The central nervous system consists of the brain and the spinal cord. In general, tracts allow for the brain to communicate up and down with the spinal cord. The commissures allow for the two hemispheres of the brain to communicate with each other. One of the most important commissures is the corpus callosum. The association fibers allow for the anterior regions of the brain to communicate with the posterior regions. One of the evolved routes from the spinal cord to the brain is via the dorsal column pathway. This route allows for fine touch, vibration, proprioception and 2 points discrimination. This pathway is much faster than the pain route. From the lower limbs, the signal ascends to the brain via a region called the gracile fasciculus. From the upper limbs, the signal ascends via the cuneate fasciculus region in the spinal cord.
What allows for the dorsal column pathway to be faster than the pain pathway?
Myelination
Stronger action potential
Weaker action potential
Longer distance
Shorter distance
Explanation
Fine touch, vibration, proprioception and 2 points discrimination all utilizes the dorsal column pathway. The upper region utilizes the cuneate fasciculus region in the spinal cord while the lower region depends on the gracile fasciculus. According to the passage, these sensations are part of the rapid pathway whereas other sensations such as pain is not as fast. The dorsal column pathway is heavily myelinated while the pain pathway is not as myelinated. Action potential is an all-or-nothing event and the amplitude is fixed.
The heart contains autorhythmic cells, which can generate an action potential on their own. These cells then spread the action potential throughout the heart, resulting in a contraction. Which of the following mechanisms is an explanation for why these cells can spontaneously generate action potentials?
Specialized channels allow sodium to enter the cell, which leads to depolarization
Specialized channels allow sodium to exit the cell, which leads to depolarization
These cells have no resting potential
These cells do not have sodium-potassium pumps, which allows for quicker depolarization
Explanation
Remember that an action potential starts with the diffusion of sodium into the cell. As more sodium enters the cell, more voltage gated sodium channels open up. This leads to depolarization of the cell. With a steady diffusion of sodium into the cell, the threshold stimulus will eventually be attained, and an action potential will be generated. It is the steady diffusion of sodium into the autorhythmic cells which results in an action potential.

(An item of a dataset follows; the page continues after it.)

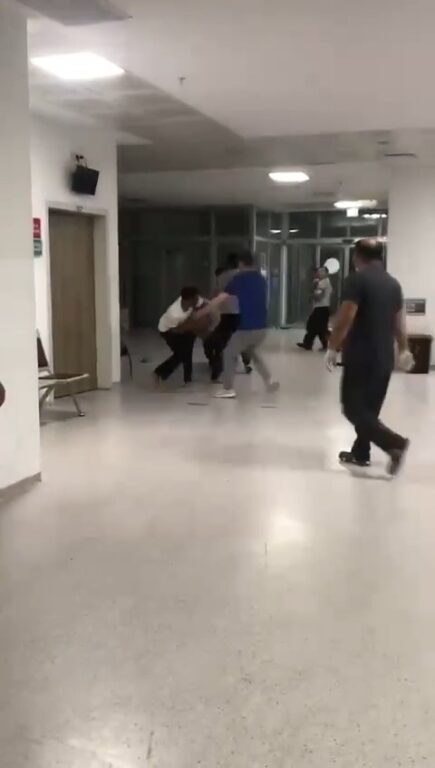 Hastanede yumrukların havada uçuştuğu kavga kamerada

What side effect may occur after exposure to a chemical that inhibits the release of acetylcholinesterase?
Repeated stimulation of postsynaptic neurons
An inability to stimulate neurons
An inability to release acetylcholine
Lack of receptors on the postsynaptic neuron
Explanation
Acetylcholinesterase is the enzyme responsible for breaking down acetylcholine, an excitatory neurotransmitter released into the synaptic cleft. If acetylcholine cannot be broken down by this enzyme, the neurotransmitter will continue to attach to the receptors on the postsynaptic cell. This can result in continuous, uncontrolled stimulation of neurons.